Il Crotone non ci sta e risponde alle accuse. Di ieri la notizia che vuole la Dda di Catanzaro mettere i sigilli al tesoro del patron Vrenna, che ammonta a circa 800 milioni di euro. I giudici della sezione Misure di prevenzione del tribunale di Crotone hanno respinto la richiesta. Toccherà alla Corte d’appello di Catanzaro decidere, nel frattempo oggi è arrivata la risposta di Raffaele Vrenna, presidente del club pitagorico: “Trent’anni di sacrifici, di lavoro della mia attività, sono frutto di illazioni nei confronti della nostra famiglia.

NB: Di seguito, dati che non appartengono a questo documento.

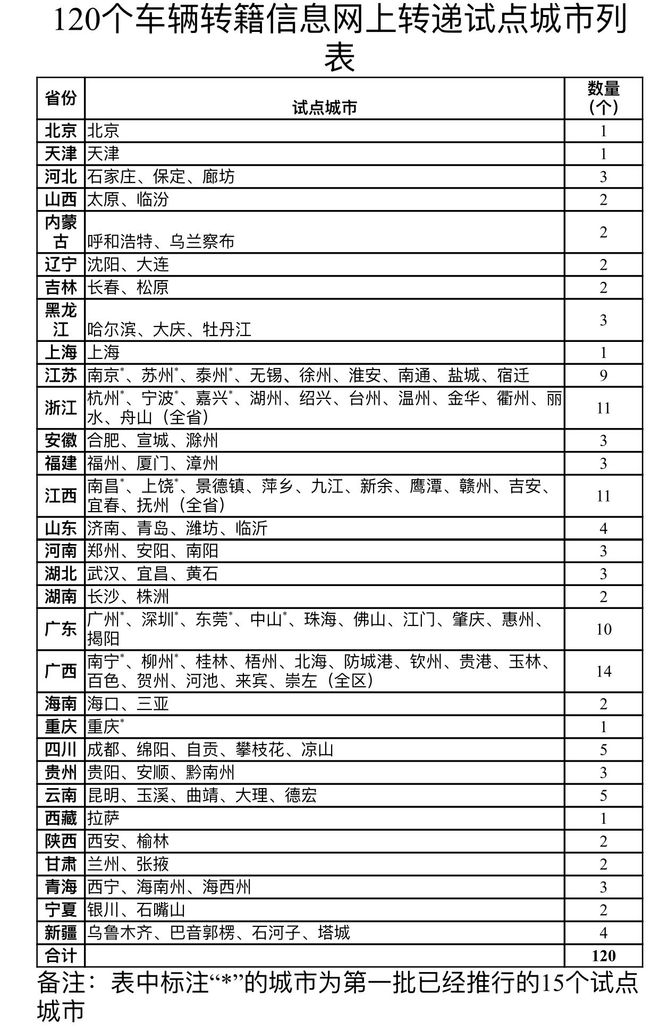 上海推十项便民措施：没居住证也能考驾照，实现全国一证通考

E’ uscita anche la notizia del mio presunto arresto, cosa assolutamente falsa” ha dichiarato Vrenna ai microfoni del Tg Regionale della Rai.

 

Il Crotone di Juric sul campo vola e sogna la serie A, vicende giudiziarie rischiano di minare la serenità della formazione rossoblù. Nessun pericolo all’orizzonte secondo patron Vrenna: “Siamo vittime altro che mafiosi, abbiamo subito minacce e aggressioni. Il calcio non può essere lo strumento per gettare fango sul Crotone e la città. Escono dichiarazioni di collaboratori di giustizia riguardo me e mio fratello, totalmente smentite. Io mafioso e pericoloso? Alla fine parleranno i documenti, la verità dei fatti emergerà”.